:: DATA SHOWN ::

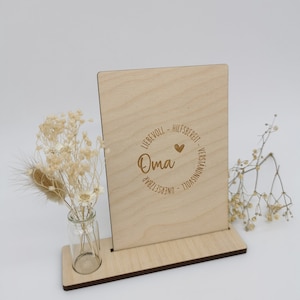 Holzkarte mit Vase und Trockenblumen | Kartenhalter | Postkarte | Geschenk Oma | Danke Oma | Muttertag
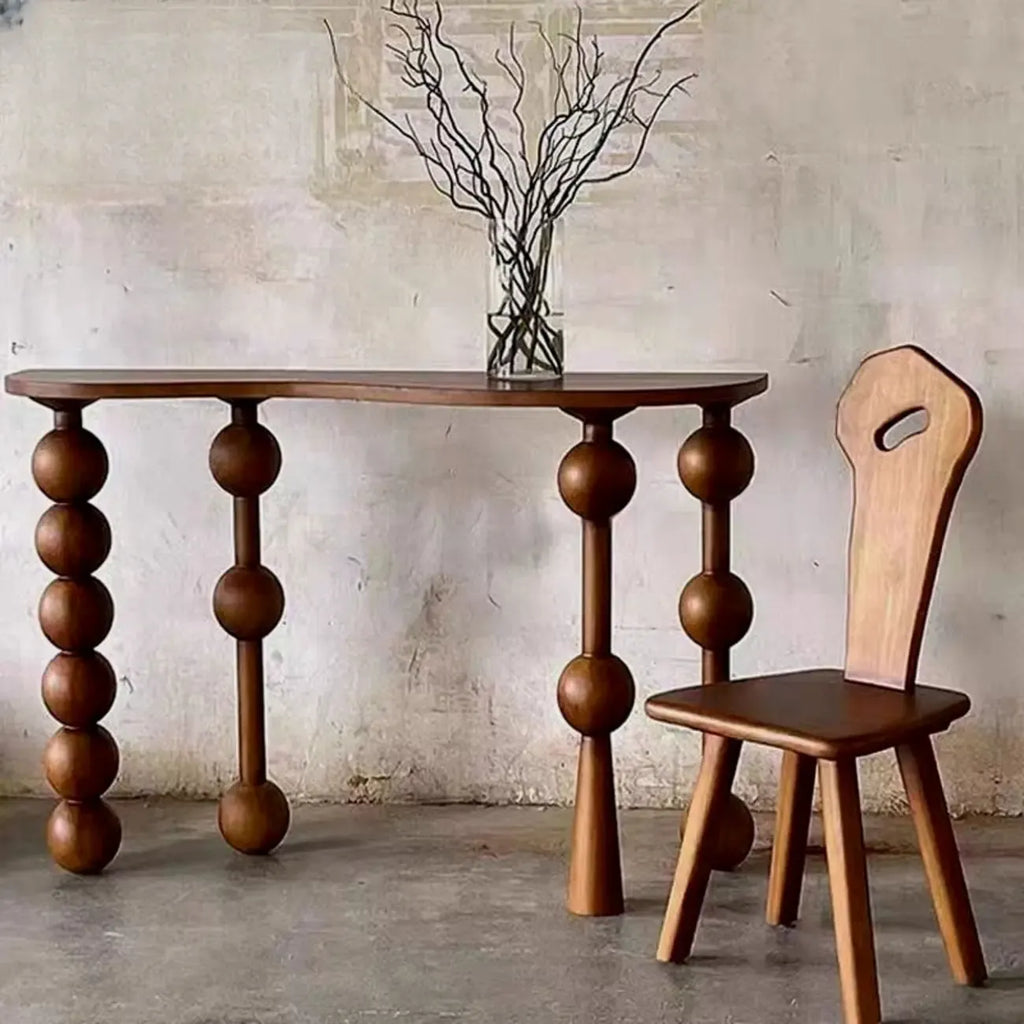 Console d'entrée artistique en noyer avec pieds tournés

:::
:: DATA SHOWN ::

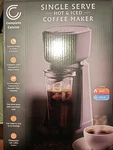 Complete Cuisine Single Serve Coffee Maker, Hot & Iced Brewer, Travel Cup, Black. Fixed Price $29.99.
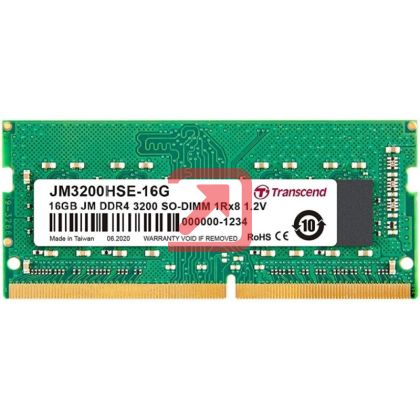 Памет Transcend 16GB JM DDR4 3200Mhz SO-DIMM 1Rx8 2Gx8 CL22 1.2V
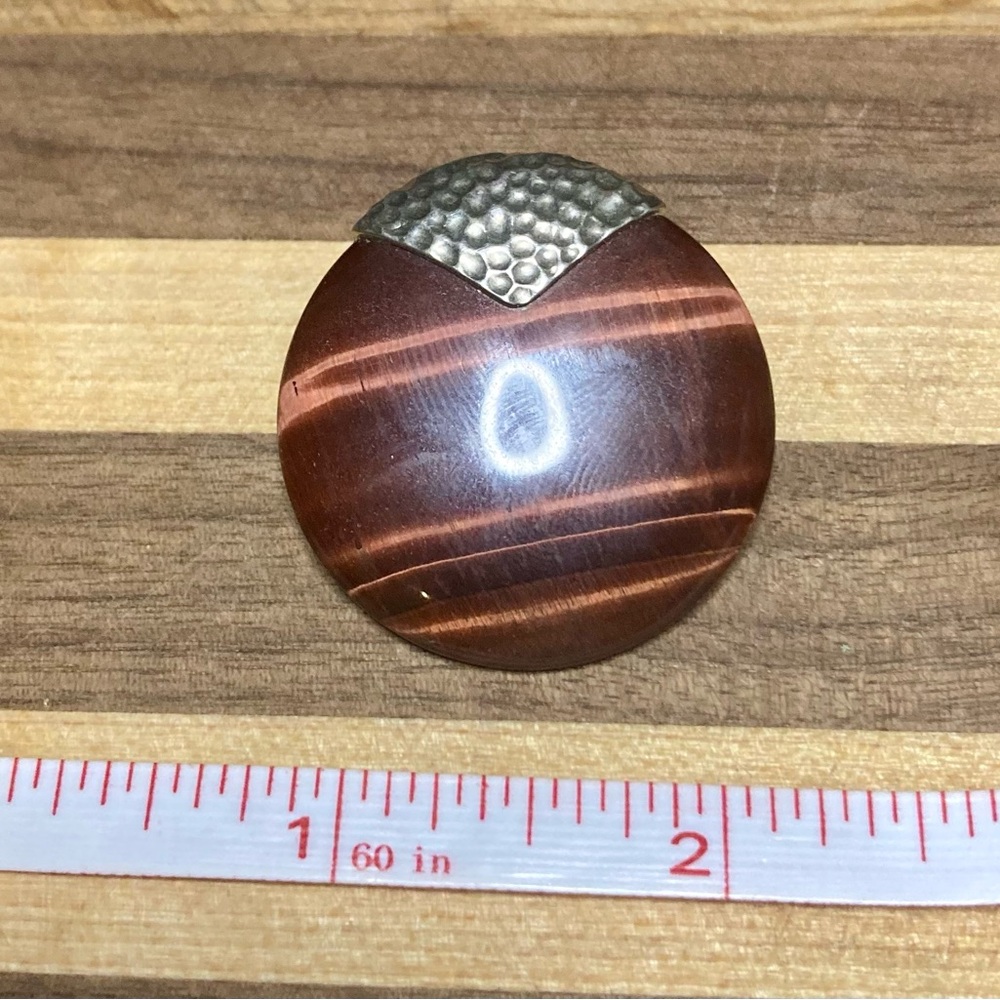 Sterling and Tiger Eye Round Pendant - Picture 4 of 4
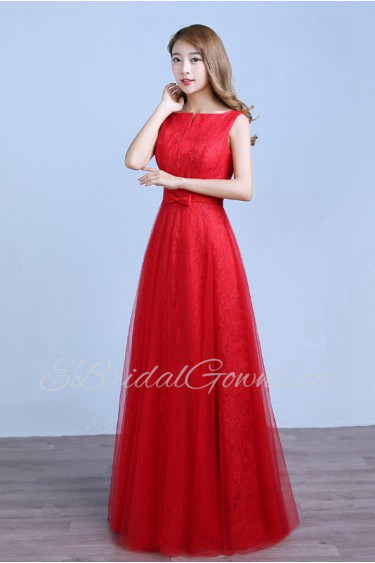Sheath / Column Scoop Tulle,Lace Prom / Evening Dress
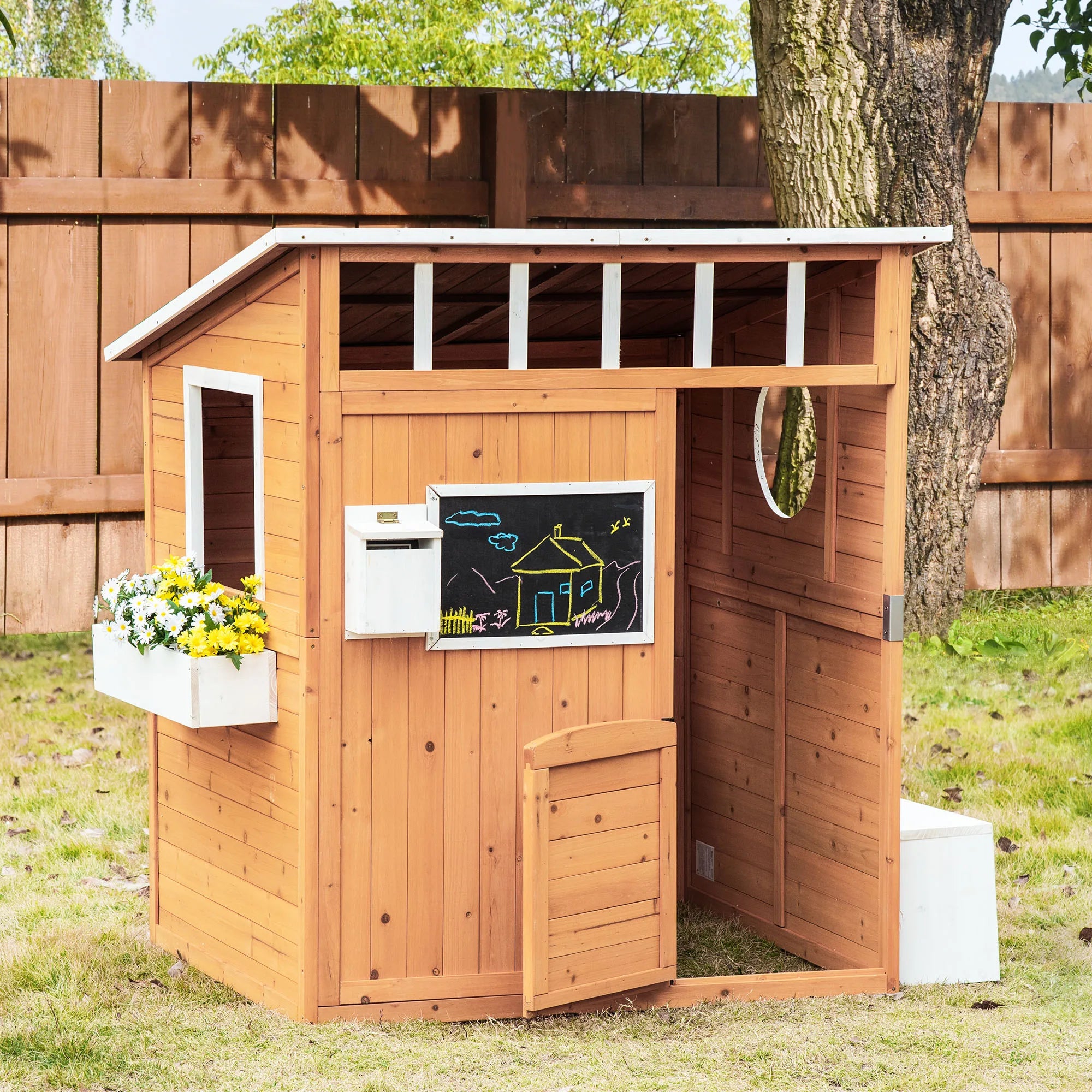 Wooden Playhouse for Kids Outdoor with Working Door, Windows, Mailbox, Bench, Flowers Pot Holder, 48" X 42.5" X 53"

:::

## WORK TO COMPLETE
Print from the line containing "Holzkarte mit Vase" through the line containing "Console d'entrée artistique" in the data above, exactly as the lines stand, and omit every picture.

## TASK OUTPUT
 Holzkarte mit Vase und Trockenblumen | Kartenhalter | Postkarte | Geschenk Oma | Danke Oma | Muttertag
 Console d'entrée artistique en noyer avec pieds tournés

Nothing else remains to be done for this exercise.